### Data shown
————

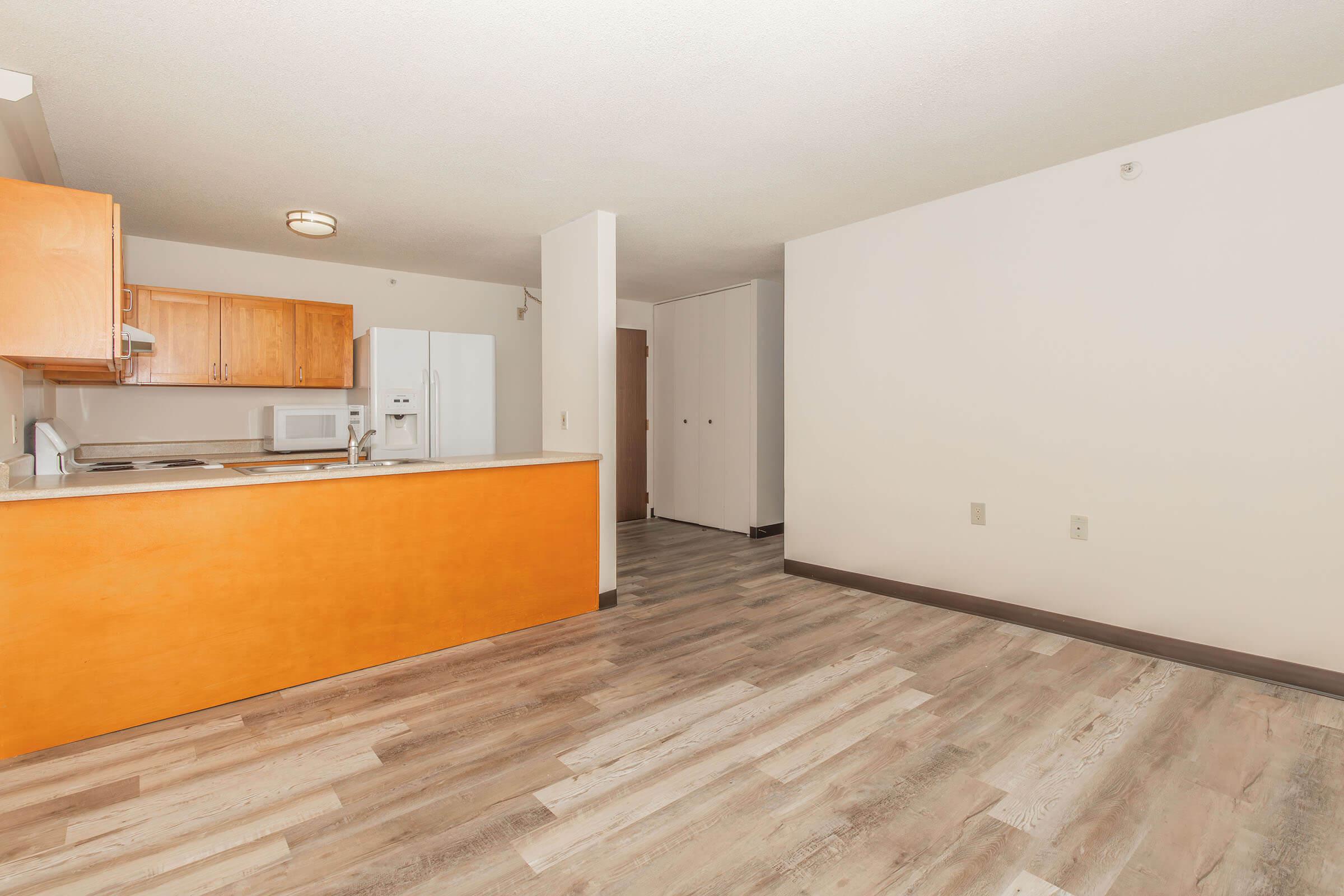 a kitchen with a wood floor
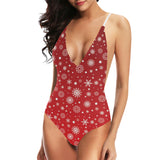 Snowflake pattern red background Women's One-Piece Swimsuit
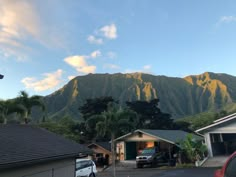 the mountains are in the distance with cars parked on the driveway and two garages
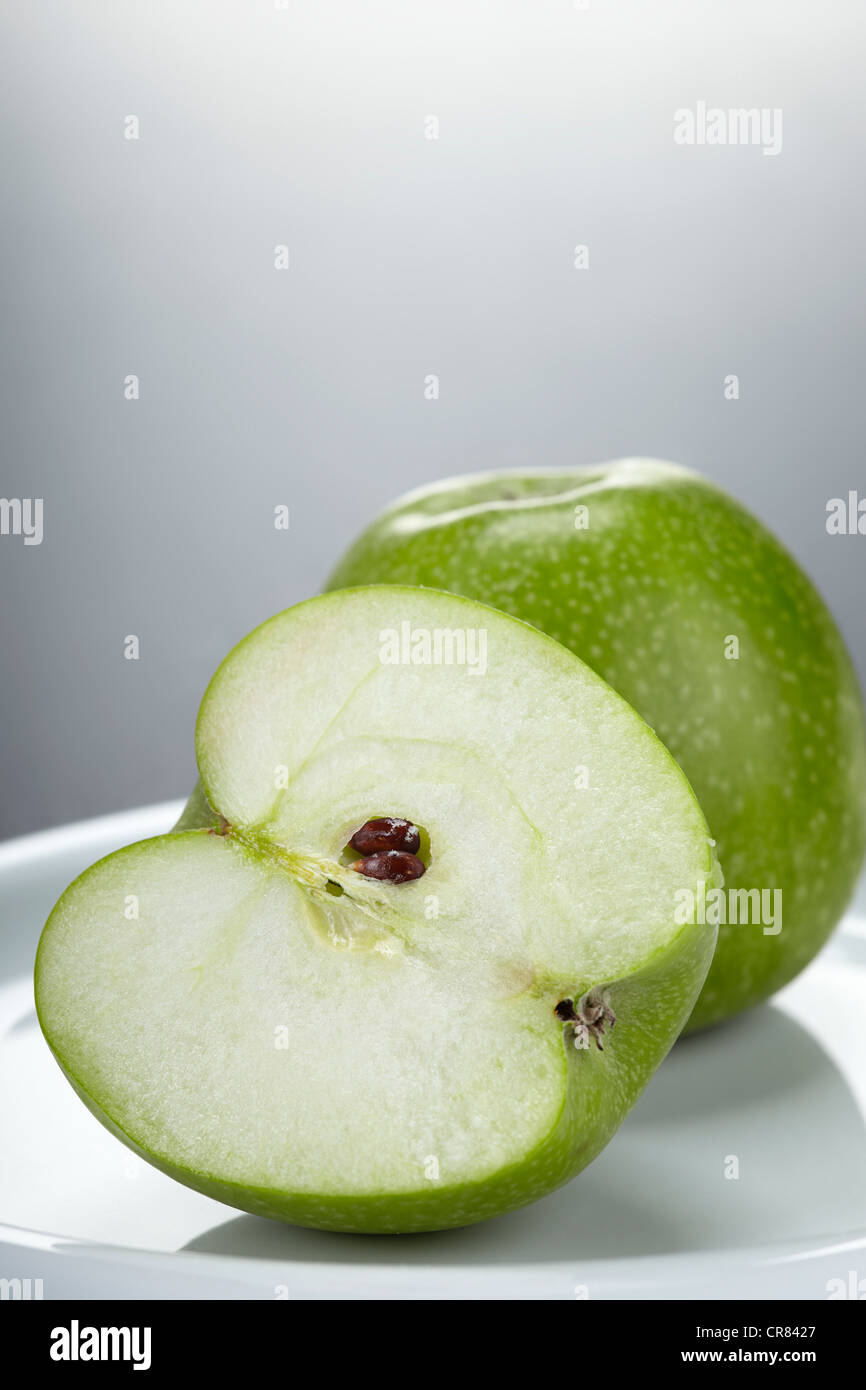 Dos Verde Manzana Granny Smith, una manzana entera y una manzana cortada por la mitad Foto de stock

————

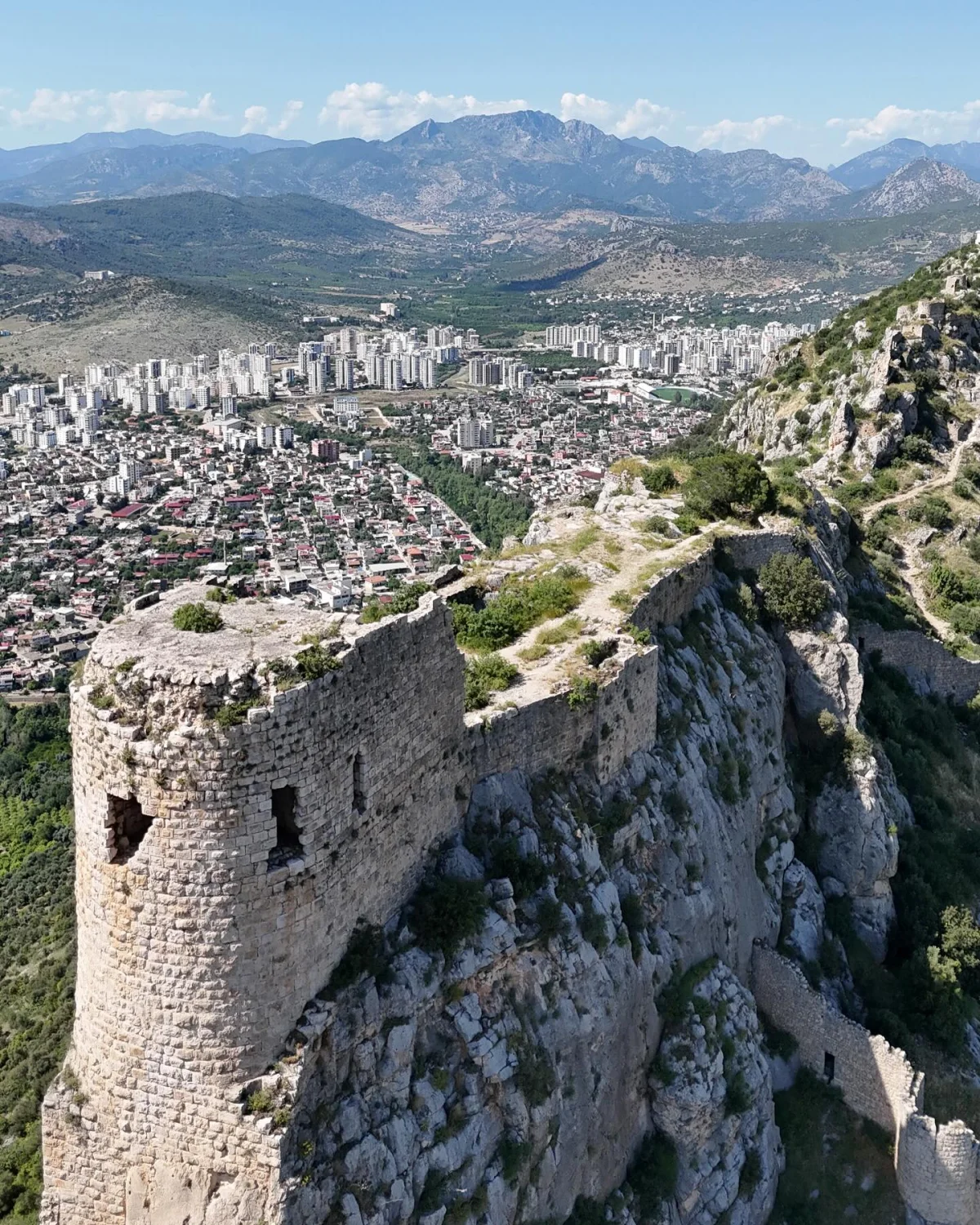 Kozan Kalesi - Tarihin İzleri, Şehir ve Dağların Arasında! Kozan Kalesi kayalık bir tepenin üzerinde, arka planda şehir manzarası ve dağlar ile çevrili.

————

### Work required
Which part of the entries opens with the line containing "Snowflake pattern red" and closes with the line containing "Dos Verde Manzana"? Output that part exactly, ends included, pictures excluded.

### Output
 Snowflake pattern red background Women's One-Piece Swimsuit
 the mountains are in the distance with cars parked on the driveway and two garages
 Dos Verde Manzana Granny Smith, una manzana entera y una manzana cortada por la mitad Foto de stock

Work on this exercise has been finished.